● **PROMPT**
Once you find the line with "Designers Guild Porcelaine" in the data below, transcribe exactly each line from there to the line with "Image 22 of 47 For 16706 Vardon Terrace 208", inclusive, and nothing else. Drop the pictures.

● **RECORDS FOR THIS TASK**
# # # # #

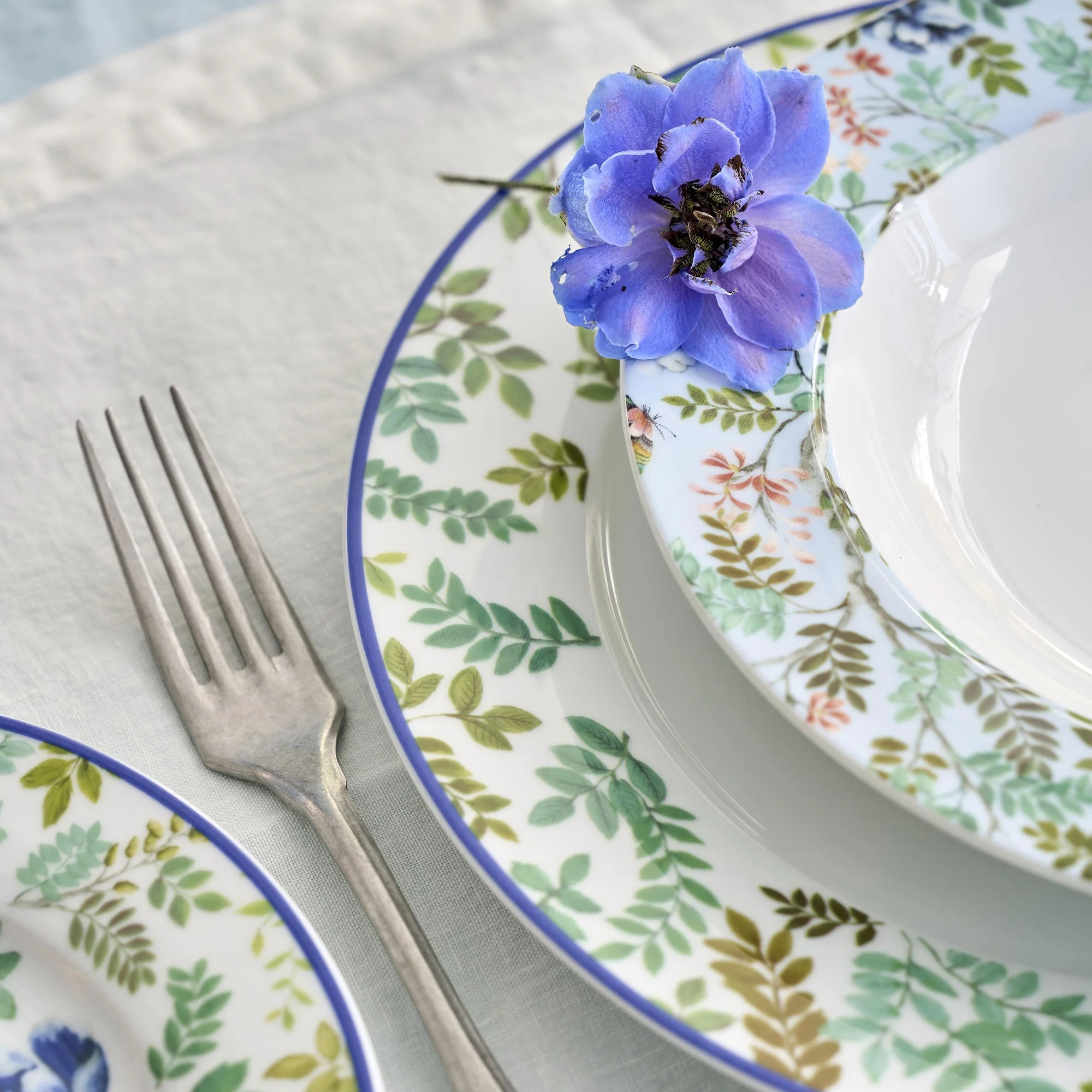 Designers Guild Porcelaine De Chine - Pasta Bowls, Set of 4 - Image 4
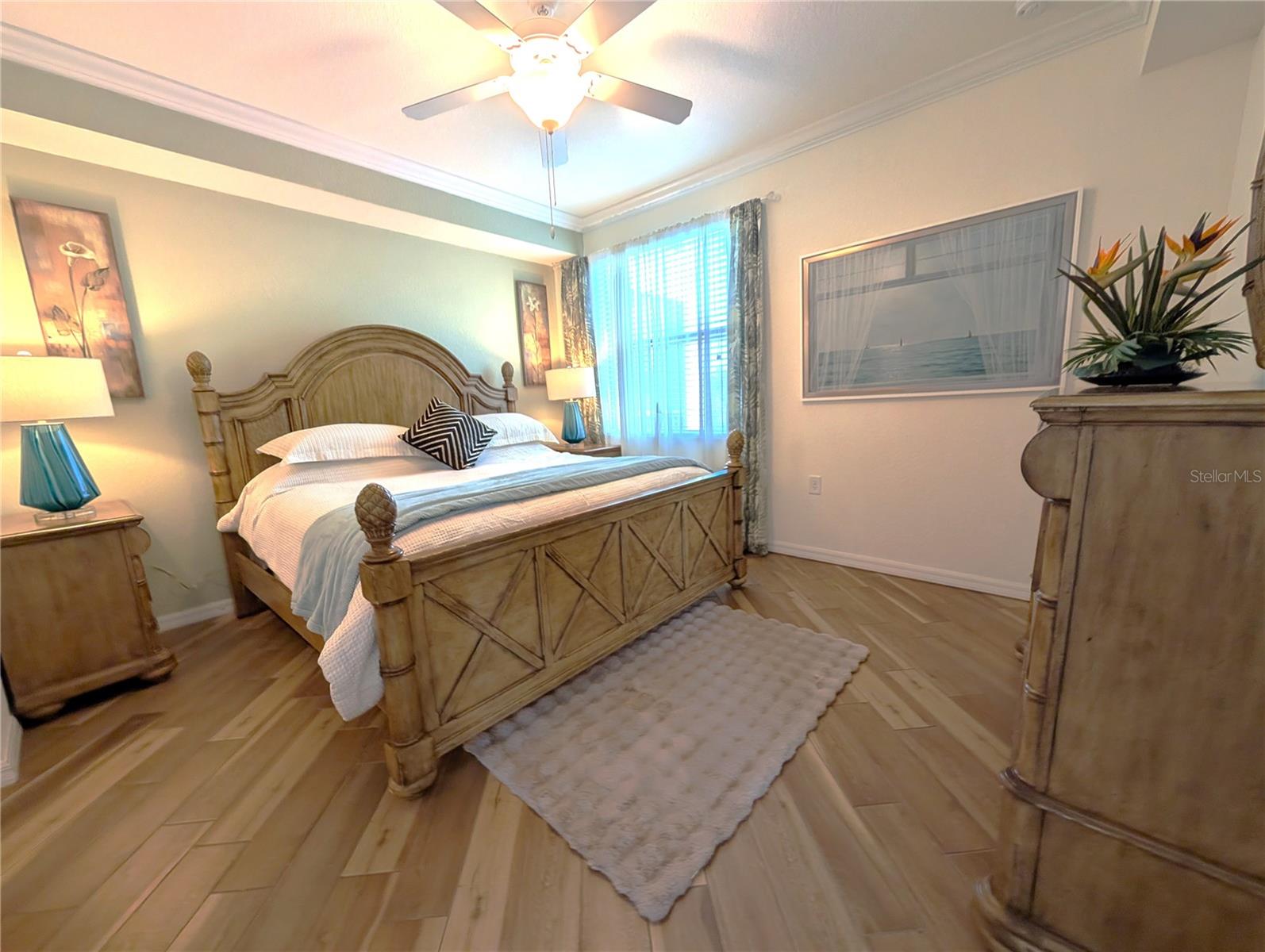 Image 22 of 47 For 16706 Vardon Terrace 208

# # # # #

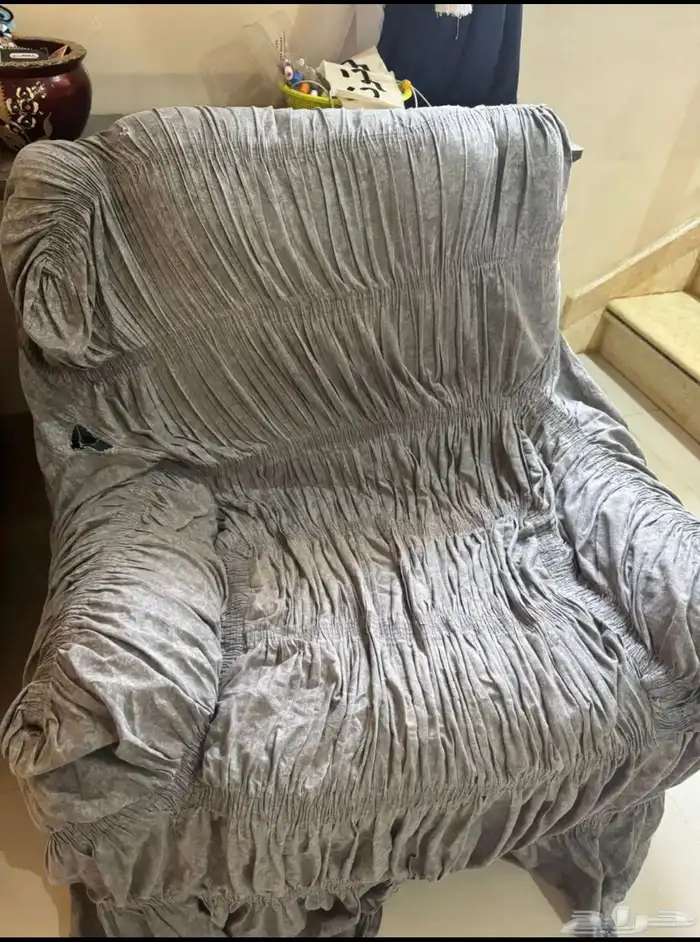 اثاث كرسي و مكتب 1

# # # # #

● **ANSWER SECTION**
 Designers Guild Porcelaine De Chine - Pasta Bowls, Set of 4 - Image 4
 Image 22 of 47 For 16706 Vardon Terrace 208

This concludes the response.